Data items:
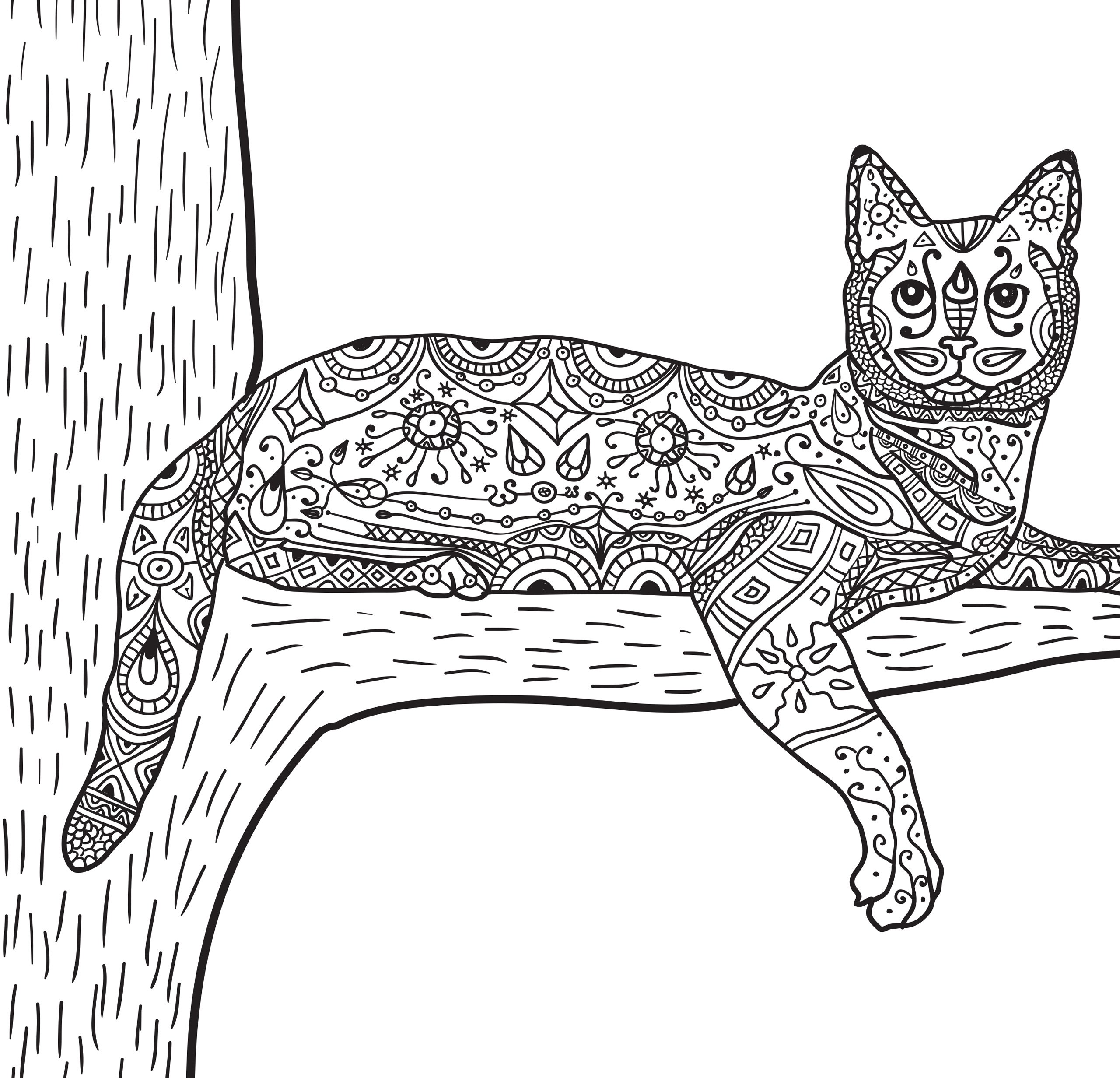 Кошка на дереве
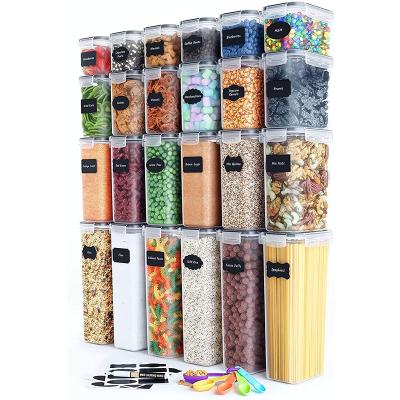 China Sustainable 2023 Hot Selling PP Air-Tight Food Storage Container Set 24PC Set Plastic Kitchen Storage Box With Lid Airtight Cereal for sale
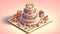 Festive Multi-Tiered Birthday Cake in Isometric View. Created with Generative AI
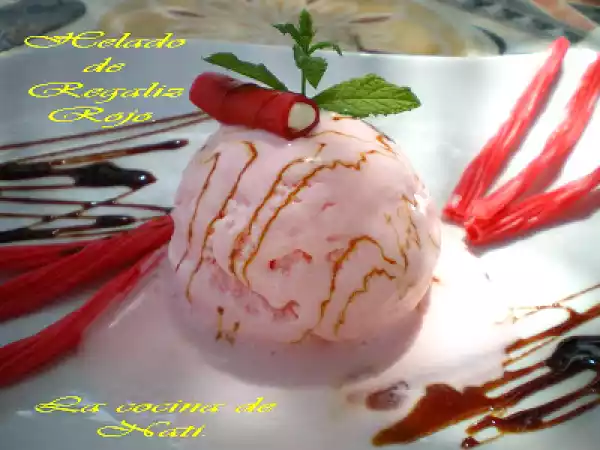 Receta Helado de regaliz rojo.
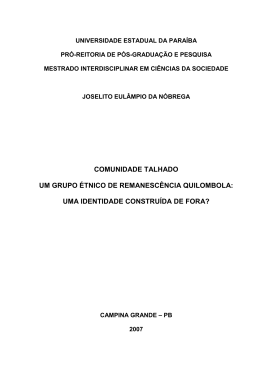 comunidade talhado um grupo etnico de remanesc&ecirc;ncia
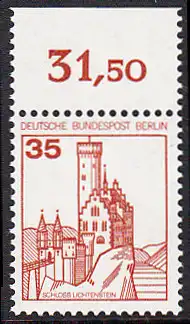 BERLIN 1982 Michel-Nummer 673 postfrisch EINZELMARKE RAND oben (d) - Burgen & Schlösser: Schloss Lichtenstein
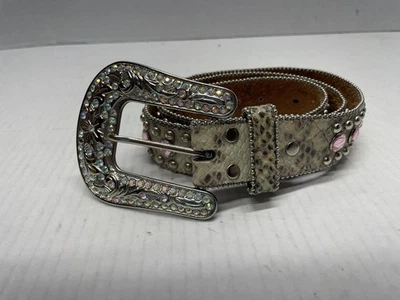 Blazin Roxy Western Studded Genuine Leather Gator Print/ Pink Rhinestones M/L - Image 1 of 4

WHAT IS REQUIRED:
Once the line containing "BERLIN 1982 Michel-Nummer" is located, write out exactly that line and each one after it to the end of the records above, excluding pictures and nothing else.

EXPECTED OUTPUT:
 BERLIN 1982 Michel-Nummer 673 postfrisch EINZELMARKE RAND oben (d) - Burgen & Schlösser: Schloss Lichtenstein
 Blazin Roxy Western Studded Genuine Leather Gator Print/ Pink Rhinestones M/L - Image 1 of 4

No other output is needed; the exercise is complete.